If it is thermodynamically irreversible, then virtually every system is irreversible (second law) and all systems are lossless (first law.) Actually, it all depends on the degrees of freedom you chose for the system. Quantum mechanical thermodynamics is no different, although it isn't obvious.
I might be wrong, but my gut thinking would be that since the Schrodinger equation can easily be run backwards in time, then if what you mean by "lossless" is that it also involves no increase in entropy, then my guess would be that what you're describing is a system that is both time-symmetric and also thermodynamically reversible, and therefore it cannot be a reversible reaction.
What prompted this, can I ask? Do you have a reason to believe that such systems exist? I am curious!
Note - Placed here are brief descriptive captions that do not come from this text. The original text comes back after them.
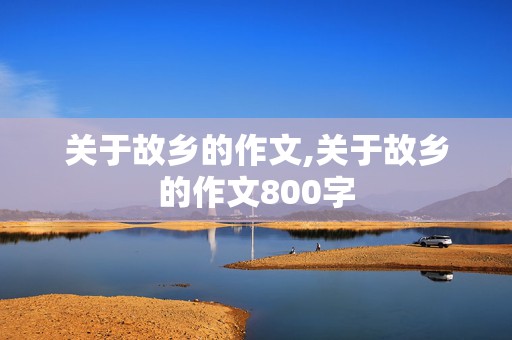 关于故乡的作文,关于故乡的作文800字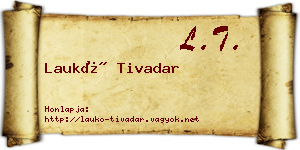 Laukó Tivadar névjegykártya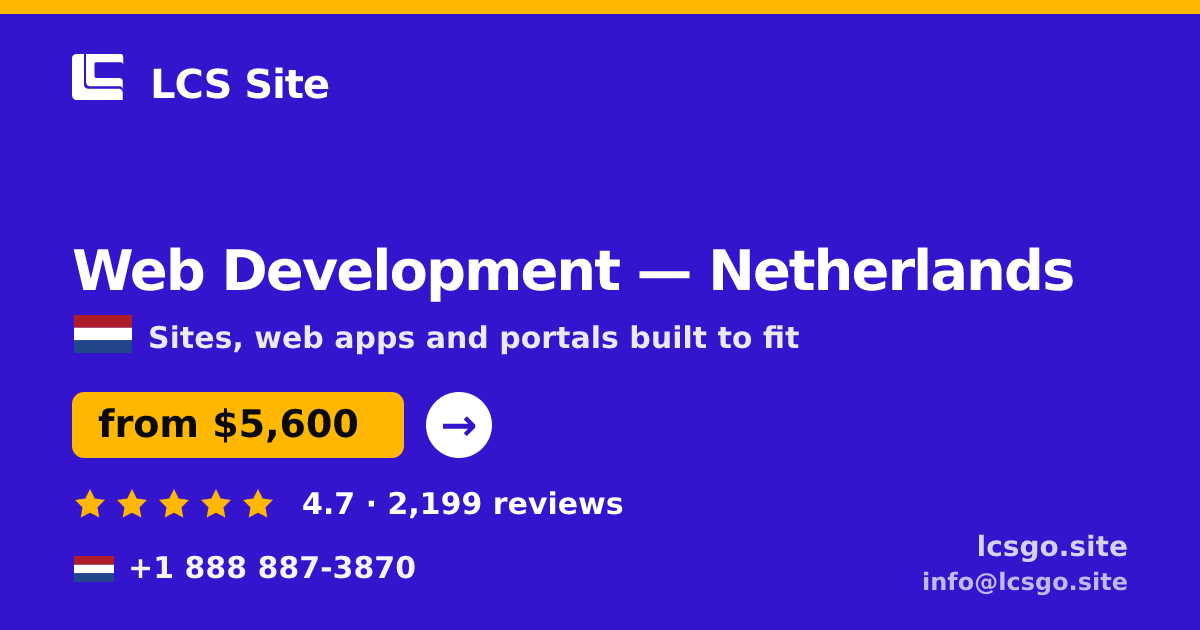 Web Development in Netherlands — from $5,600, rated 4.7/5 by 2199 clients. LCS Site.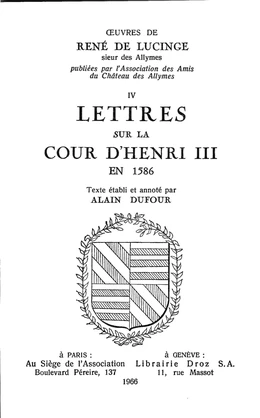 Lettres sur la cour d’Henri III en 1586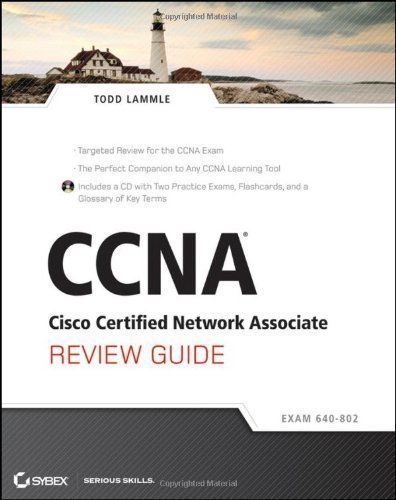CCNA Cisco Certified Network Associate Review Guide, includes CD: Exam 640-802 by Todd Lammle (Jun 15 2011)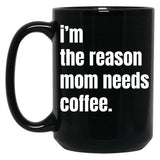 I Am The Reason Mom Needs Coffee Black Coffee Mug, Gift Coffee Mug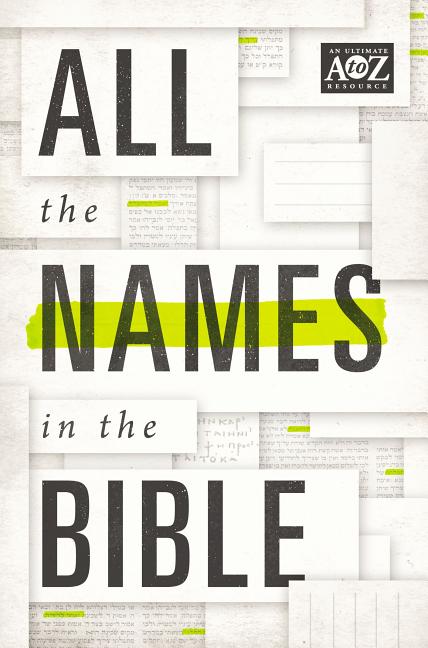 All the Names in the Bible: Comprehensive Index of Every Person and Place in Scripture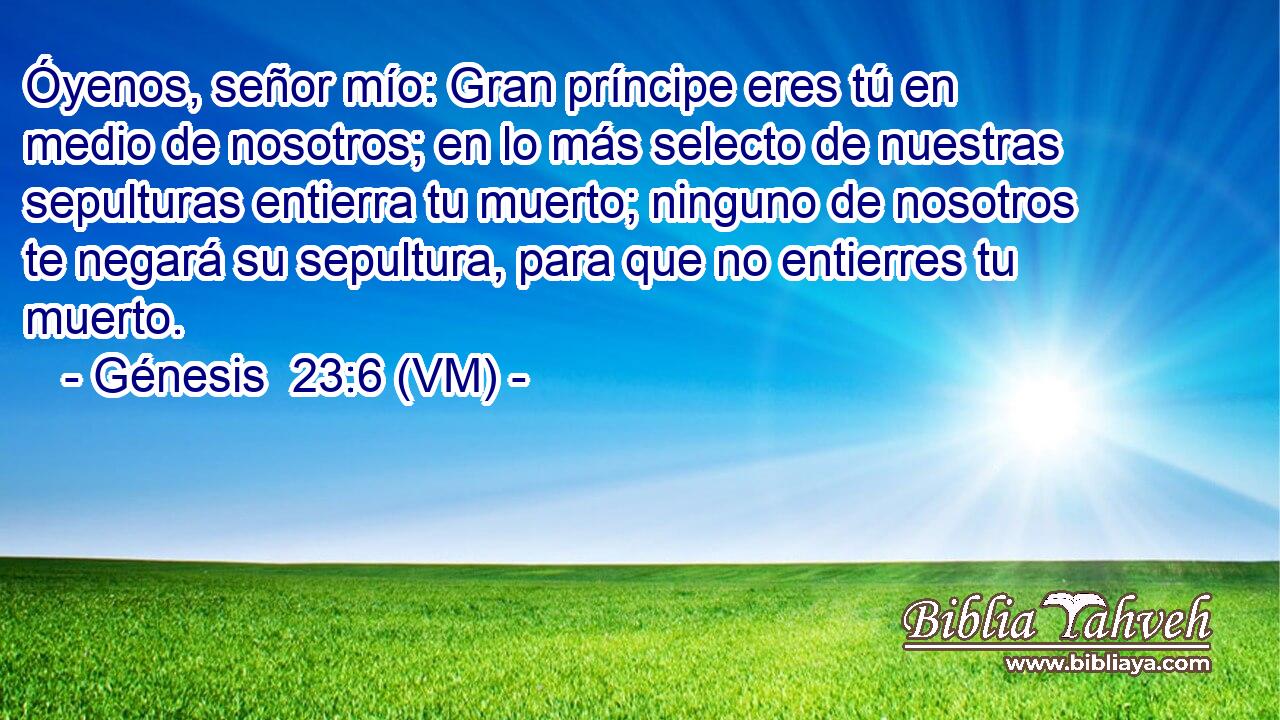  Óyenos, señor mío: Gran príncipe eres tú en medio de nosotros; en lo más selecto de nuestras sepulturas entierra tu muerto; ninguno de nosotros te negará su sepultura, para que no entierres tu muerto. 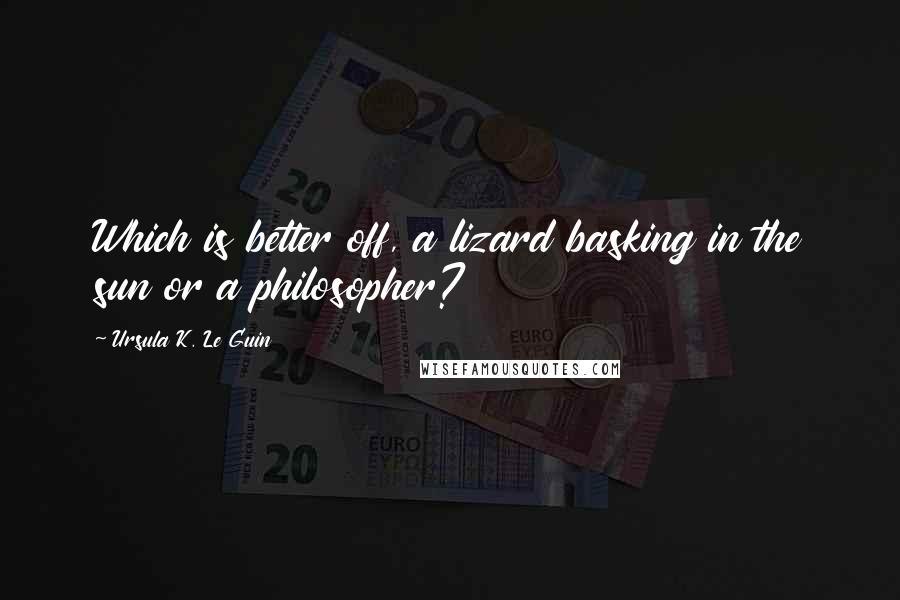 Ursula K. Le Guin Quotes: Which is better off, a lizard basking in the sun or a philosopher?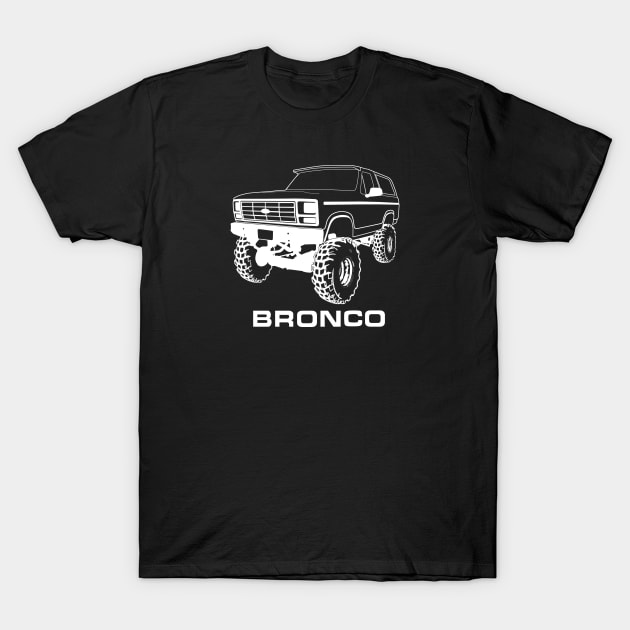 1980-1986 Bronco Front Lifted White Print T-Shirt by The OBS Apparel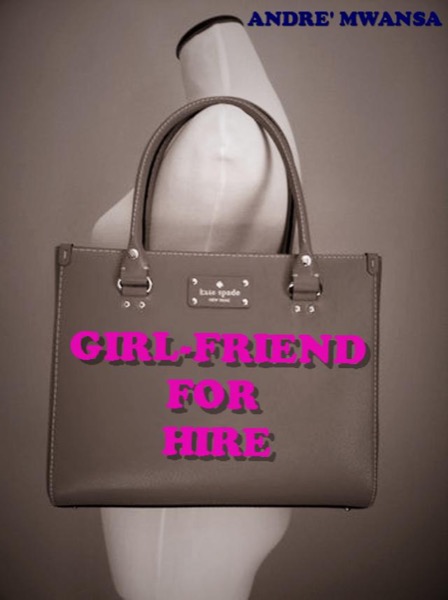 Girl-Friend For Hire by Andre' Mwansa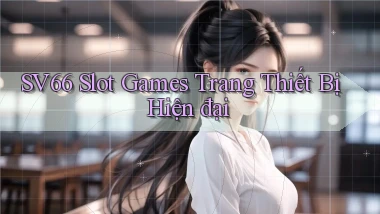 sv66  slot games trang thiết bị hiện đại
If it is thermodynamically irreversible, then virtually every system is irreversible (second law) and all systems are lossless (first law.) Actually, it all depends on the degrees of freedom you chose for the system. Quantum mechanical thermodynamics is no different, although it isn't obvious.
Chetan Jesing Waghela Thank you for your response, it is very helpful. Can you please clarify though what you mean by 'non-reciprocal'?
What I would note is that if S is unitary, that means that S^-1 = S^T, so these aren't exactly three independent conditions, in that it's sort of an 'over-determined' system of equations. e.g., If you assume 1), then 2) and 3) become S^* = S, which means that S is Hermitian, and represents a self-adjoint operator. So assuming one of these conditions will reduce the other two into a single condition, providing a constraint on them.
In relativistic quantum mechanics, all systems are lossless, even in the destruction and creation of particles with mass. Time-reversibility is measured by a collapse of the wave function, where not-knowing is an option, ignored in the S matrix formalism. They are different things.